#### WORK INSTRUCTIONS
Could you print every entry below exactly as given?

*** Opening MATERIAL SUPPLIED ***

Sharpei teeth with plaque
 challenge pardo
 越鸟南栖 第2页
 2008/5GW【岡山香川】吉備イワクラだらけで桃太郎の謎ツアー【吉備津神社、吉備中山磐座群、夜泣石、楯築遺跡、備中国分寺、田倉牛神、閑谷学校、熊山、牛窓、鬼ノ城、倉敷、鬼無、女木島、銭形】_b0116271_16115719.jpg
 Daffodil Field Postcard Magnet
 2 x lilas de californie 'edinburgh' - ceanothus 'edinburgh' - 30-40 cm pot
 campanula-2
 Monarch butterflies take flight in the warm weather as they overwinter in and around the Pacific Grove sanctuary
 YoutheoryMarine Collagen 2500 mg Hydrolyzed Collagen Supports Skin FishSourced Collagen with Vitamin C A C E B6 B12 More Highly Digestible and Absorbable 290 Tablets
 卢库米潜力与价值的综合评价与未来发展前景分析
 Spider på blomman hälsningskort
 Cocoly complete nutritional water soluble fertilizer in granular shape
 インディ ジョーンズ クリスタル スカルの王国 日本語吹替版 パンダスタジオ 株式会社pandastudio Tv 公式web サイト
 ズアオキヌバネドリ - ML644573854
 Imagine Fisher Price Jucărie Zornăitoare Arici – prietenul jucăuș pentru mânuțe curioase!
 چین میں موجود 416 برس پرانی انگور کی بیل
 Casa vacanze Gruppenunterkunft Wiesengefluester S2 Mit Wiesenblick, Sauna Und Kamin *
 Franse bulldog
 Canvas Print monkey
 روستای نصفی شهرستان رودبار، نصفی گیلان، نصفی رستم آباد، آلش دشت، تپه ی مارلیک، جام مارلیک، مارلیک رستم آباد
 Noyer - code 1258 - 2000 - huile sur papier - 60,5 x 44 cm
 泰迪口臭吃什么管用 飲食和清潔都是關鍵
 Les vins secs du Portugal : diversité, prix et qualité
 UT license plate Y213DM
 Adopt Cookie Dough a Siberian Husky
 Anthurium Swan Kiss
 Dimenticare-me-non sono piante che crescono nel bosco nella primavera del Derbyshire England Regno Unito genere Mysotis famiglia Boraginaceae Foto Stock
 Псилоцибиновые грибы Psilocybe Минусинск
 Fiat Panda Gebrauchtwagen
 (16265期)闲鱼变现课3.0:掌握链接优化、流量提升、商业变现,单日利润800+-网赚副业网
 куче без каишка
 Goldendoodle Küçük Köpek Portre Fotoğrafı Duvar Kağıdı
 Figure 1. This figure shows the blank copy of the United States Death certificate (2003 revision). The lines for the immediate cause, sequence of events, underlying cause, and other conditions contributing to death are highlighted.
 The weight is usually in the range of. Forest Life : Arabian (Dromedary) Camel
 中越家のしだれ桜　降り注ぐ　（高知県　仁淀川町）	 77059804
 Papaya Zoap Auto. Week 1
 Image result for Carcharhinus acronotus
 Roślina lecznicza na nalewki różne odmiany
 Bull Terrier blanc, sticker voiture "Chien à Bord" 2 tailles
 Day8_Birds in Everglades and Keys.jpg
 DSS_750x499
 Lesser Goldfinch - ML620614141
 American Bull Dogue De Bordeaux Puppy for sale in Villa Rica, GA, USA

*** Closing MATERIAL SUPPLIED ***

#### SOLUTION FOR THIS TASK
Sharpei teeth with plaque
 challenge pardo
 越鸟南栖 第2页
 2008/5GW【岡山香川】吉備イワクラだらけで桃太郎の謎ツアー【吉備津神社、吉備中山磐座群、夜泣石、楯築遺跡、備中国分寺、田倉牛神、閑谷学校、熊山、牛窓、鬼ノ城、倉敷、鬼無、女木島、銭形】_b0116271_16115719.jpg
 Daffodil Field Postcard Magnet
 2 x lilas de californie 'edinburgh' - ceanothus 'edinburgh' - 30-40 cm pot
 campanula-2
 Monarch butterflies take flight in the warm weather as they overwinter in and around the Pacific Grove sanctuary
 YoutheoryMarine Collagen 2500 mg Hydrolyzed Collagen Supports Skin FishSourced Collagen with Vitamin C A C E B6 B12 More Highly Digestible and Absorbable 290 Tablets
 卢库米潜力与价值的综合评价与未来发展前景分析
 Spider på blomman hälsningskort
 Cocoly complete nutritional water soluble fertilizer in granular shape
 インディ ジョーンズ クリスタル スカルの王国 日本語吹替版 パンダスタジオ 株式会社pandastudio Tv 公式web サイト
 ズアオキヌバネドリ - ML644573854
 Imagine Fisher Price Jucărie Zornăitoare Arici – prietenul jucăuș pentru mânuțe curioase!
 چین میں موجود 416 برس پرانی انگور کی بیل
 Casa vacanze Gruppenunterkunft Wiesengefluester S2 Mit Wiesenblick, Sauna Und Kamin *
 Franse bulldog
 Canvas Print monkey
 روستای نصفی شهرستان رودبار، نصفی گیلان، نصفی رستم آباد، آلش دشت، تپه ی مارلیک، جام مارلیک، مارلیک رستم آباد
 Noyer - code 1258 - 2000 - huile sur papier - 60,5 x 44 cm
 泰迪口臭吃什么管用 飲食和清潔都是關鍵
 Les vins secs du Portugal : diversité, prix et qualité
 UT license plate Y213DM
 Adopt Cookie Dough a Siberian Husky
 Anthurium Swan Kiss
 Dimenticare-me-non sono piante che crescono nel bosco nella primavera del Derbyshire England Regno Unito genere Mysotis famiglia Boraginaceae Foto Stock
 Псилоцибиновые грибы Psilocybe Минусинск
 Fiat Panda Gebrauchtwagen
 (16265期)闲鱼变现课3.0:掌握链接优化、流量提升、商业变现,单日利润800+-网赚副业网
 куче без каишка
 Goldendoodle Küçük Köpek Portre Fotoğrafı Duvar Kağıdı
 Figure 1. This figure shows the blank copy of the United States Death certificate (2003 revision). The lines for the immediate cause, sequence of events, underlying cause, and other conditions contributing to death are highlighted.
 The weight is usually in the range of. Forest Life : Arabian (Dromedary) Camel
 中越家のしだれ桜　降り注ぐ　（高知県　仁淀川町）	 77059804
 Papaya Zoap Auto. Week 1
 Image result for Carcharhinus acronotus
 Roślina lecznicza na nalewki różne odmiany
 Bull Terrier blanc, sticker voiture "Chien à Bord" 2 tailles
 Day8_Birds in Everglades and Keys.jpg
 DSS_750x499
 Lesser Goldfinch - ML620614141
 American Bull Dogue De Bordeaux Puppy for sale in Villa Rica, GA, USA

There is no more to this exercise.